BEGIN INPUT DATA

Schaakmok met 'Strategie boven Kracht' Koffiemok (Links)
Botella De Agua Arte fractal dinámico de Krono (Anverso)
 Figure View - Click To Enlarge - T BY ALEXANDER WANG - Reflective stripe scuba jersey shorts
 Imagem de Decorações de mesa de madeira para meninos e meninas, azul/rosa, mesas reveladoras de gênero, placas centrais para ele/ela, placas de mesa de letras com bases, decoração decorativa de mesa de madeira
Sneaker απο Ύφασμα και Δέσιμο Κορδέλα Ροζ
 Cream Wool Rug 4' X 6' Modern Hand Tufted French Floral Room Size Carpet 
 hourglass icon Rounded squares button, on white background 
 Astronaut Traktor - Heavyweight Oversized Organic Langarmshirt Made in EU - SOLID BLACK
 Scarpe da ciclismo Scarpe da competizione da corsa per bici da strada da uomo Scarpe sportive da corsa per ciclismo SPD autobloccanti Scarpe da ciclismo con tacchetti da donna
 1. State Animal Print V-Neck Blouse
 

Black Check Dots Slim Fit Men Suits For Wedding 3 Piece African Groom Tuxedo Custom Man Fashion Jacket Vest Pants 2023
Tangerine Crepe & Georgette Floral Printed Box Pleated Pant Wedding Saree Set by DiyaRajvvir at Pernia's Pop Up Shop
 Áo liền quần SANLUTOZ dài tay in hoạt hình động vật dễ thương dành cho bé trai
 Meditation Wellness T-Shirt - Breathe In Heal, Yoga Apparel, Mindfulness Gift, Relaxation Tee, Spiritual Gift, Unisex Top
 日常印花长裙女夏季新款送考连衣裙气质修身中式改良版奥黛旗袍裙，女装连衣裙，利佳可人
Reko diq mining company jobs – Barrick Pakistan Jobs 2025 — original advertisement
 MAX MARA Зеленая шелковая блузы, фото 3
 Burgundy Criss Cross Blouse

END INPUT DATA

= EXERCISE =
Could you retype exactly the lines above from the one containing "Reko diq mining" through the last line of the records, both included, and nothing else?

= ANSWER AREA =
Reko diq mining company jobs – Barrick Pakistan Jobs 2025 — original advertisement
 MAX MARA Зеленая шелковая блузы, фото 3
 Burgundy Criss Cross Blouse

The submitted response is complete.